Let $f(x)$ be twice differentiable on $[a, +\infty)$ and $\lim_{n\rightarrow\infty} f(n)$ exist. If $\lim_{x\rightarrow+\infty} f''(x)$ exists, prove that $\lim_{x\rightarrow+\infty} f(x)$ exists and $$\lim_{x\rightarrow+\infty} f'(x)=\lim_{x\rightarrow+\infty} f''(x)=0$$
According to the answer here, we know that
If $\lim_{x\rightarrow\infty} f(x)$ exists and $f''$ is bounded, then
$\lim_{x\rightarrow\infty} f'(x)=0$.
However, in this problem, the limit of $f$ is along the sequence of positive integers.

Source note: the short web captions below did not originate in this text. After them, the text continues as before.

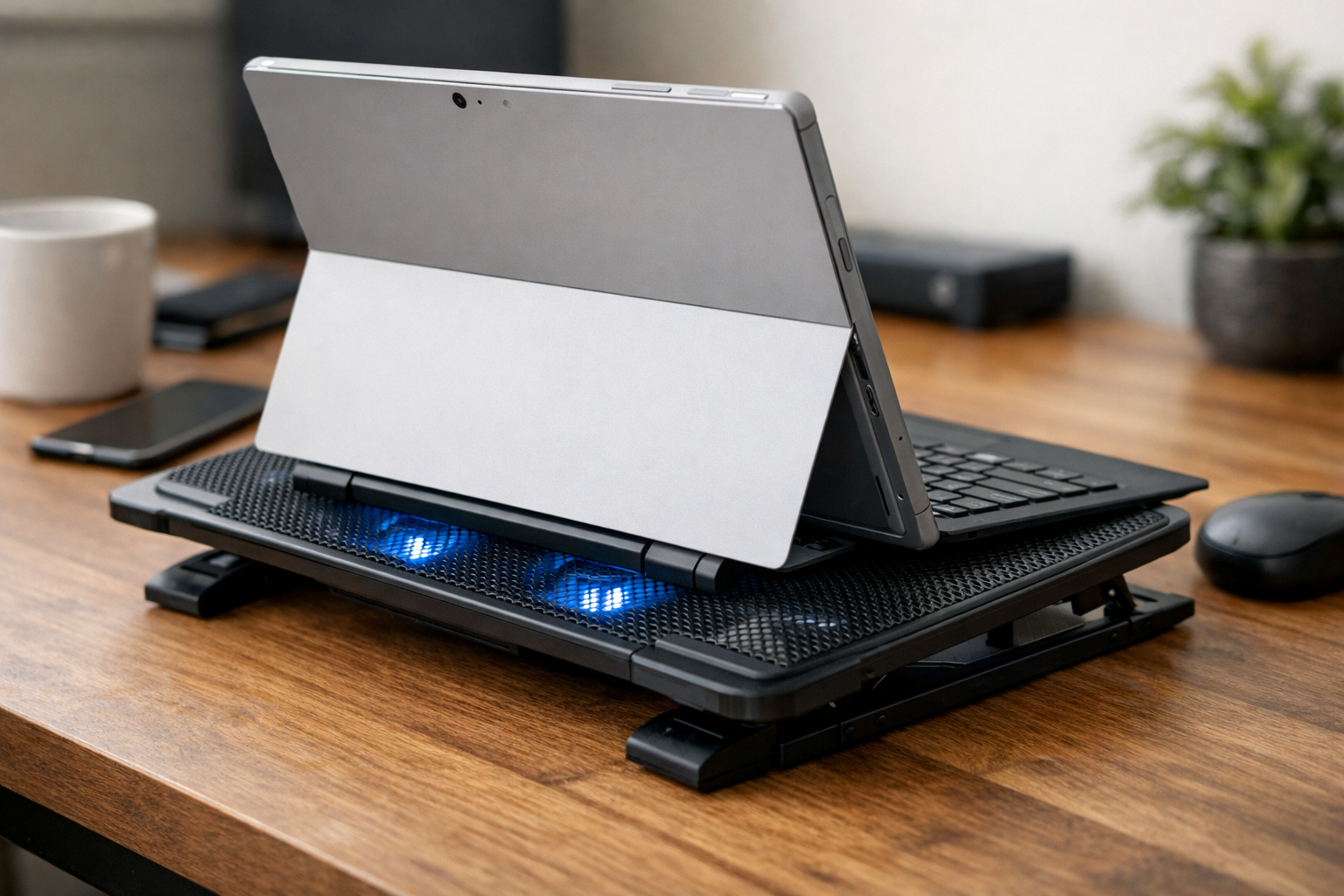 Sử dụng đế tản nhiệt rời cho máy tính Surface Pro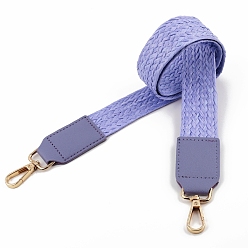 Лиловый Ручки для сумок из искусственной кожи и рафии, сирень, 80x3.6 см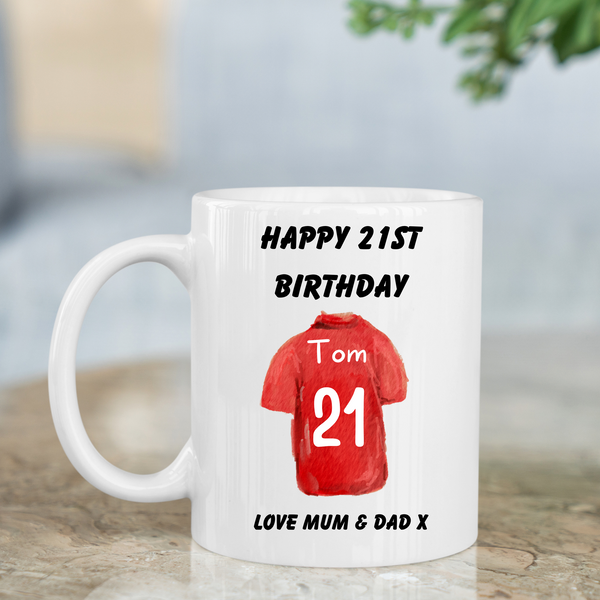 Personalised Birthday Football Mug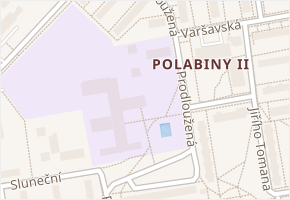 Prodloužená v obci Pardubice - mapa ulice
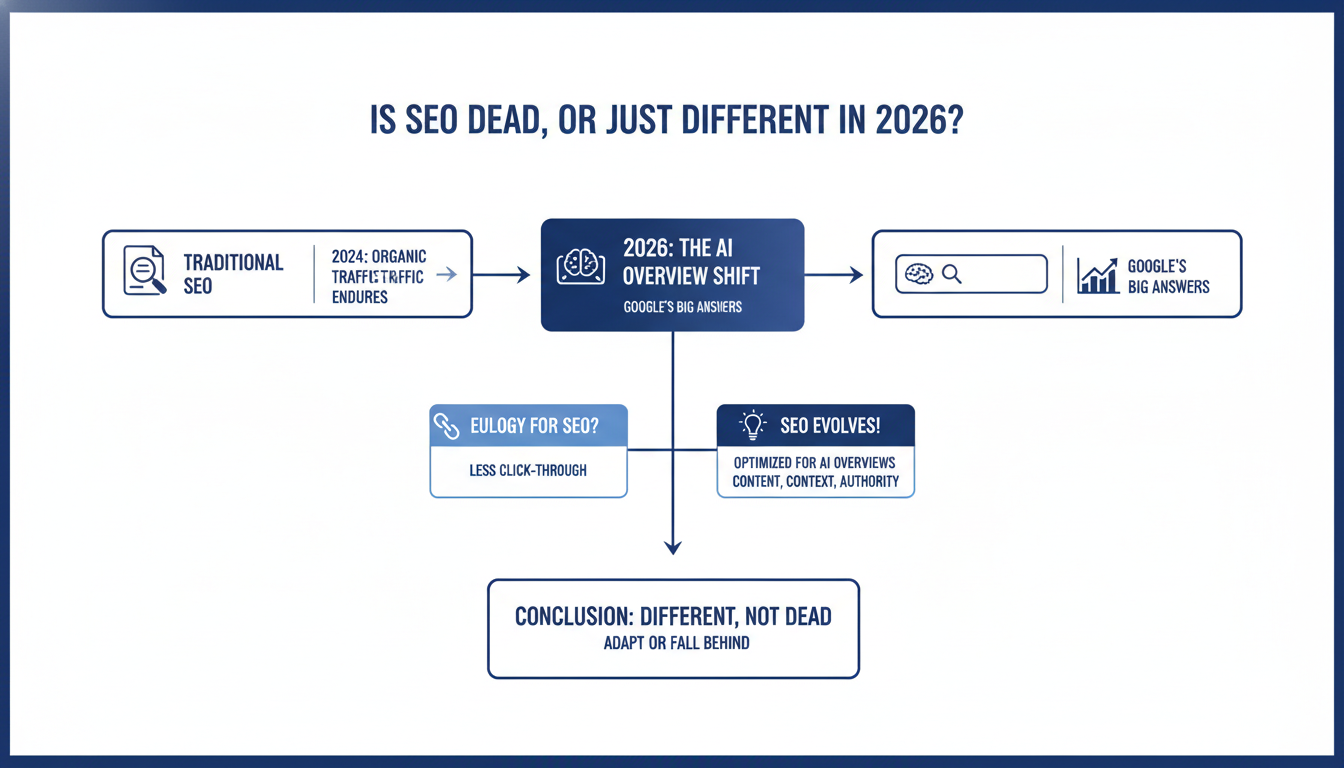 Is SEO Dead, or Just Different in 2026? - AI SEO agency Jackson in Huntington
, WV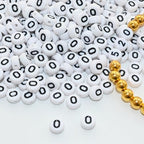 Looconi 300pcs Number Beads 0 Plastic Beads for Jewelry Making - color: Number0, size: 7x4mm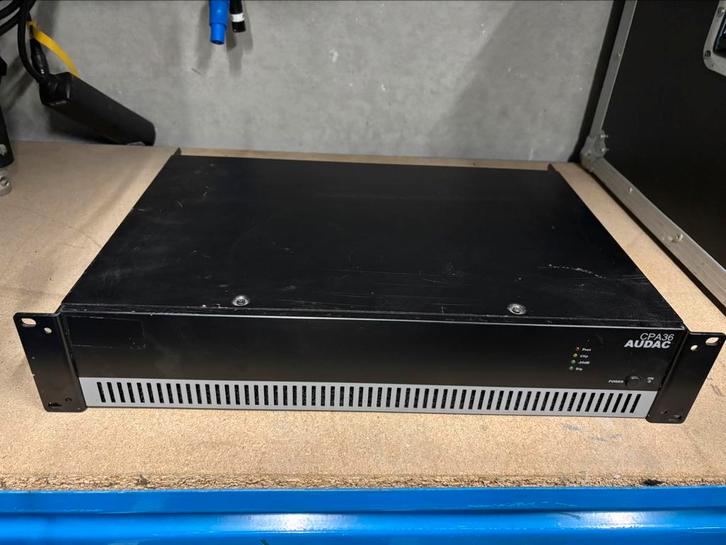 Audac CPA36 eindversterker 100 volt, Muziek en Instrumenten, Versterkers | Keyboard, Monitor en PA, Zo goed als nieuw, P.A., Minder dan 500 watt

How can we prove this?
Any assistance or feedback regarding this issue would be highly appreciated.
Best Answer
If $f''(x) \to L$ then by applying L'Hospital's Rule (form "$\text{anything} /\infty$") we get $f'(x) /x\to L$. Applying the rule once again we get $f(x) /(x^2/2)\to L$. This means that $f(n) /n^2\to L/2$. And since $f(n) $ tends to a limit as $n\to\infty$ we have $f(n) /n^2\to 0$ so that $L=0$.
Next note that since $f(n) $ tends to a limit it follows that there is a sequence $c_n\in(n, n+1)$ such that $f'(c_n) \to 0$. This is precisely given by mean value theorem as $f(n+1)-f(n)=f'(c_n)$.
Next we note that $$f'(x) =f'(c_{[x]} ) +(x-c_{[x]}) f''(d_x) $$ where $[x] $ is integer part of $x$ and $d_x$ is between $c_{[x]} $ and $x$. Now as $x\to\infty$ the first term tends to $0$ and the second term is a product of two factors: $f''(d_x) $ which tends to $0$ and $(x-c_{[x]}) $ which is bounded in absolute value by $1$. Thus second term also tends to $0$. Thus $f' (x) \to 0$.
Now use $$f(x) =f([x]) +(x-[x]) f'(\xi) $$ to conclude that $f(x) $ tends to the same limit as that of $f(n) $.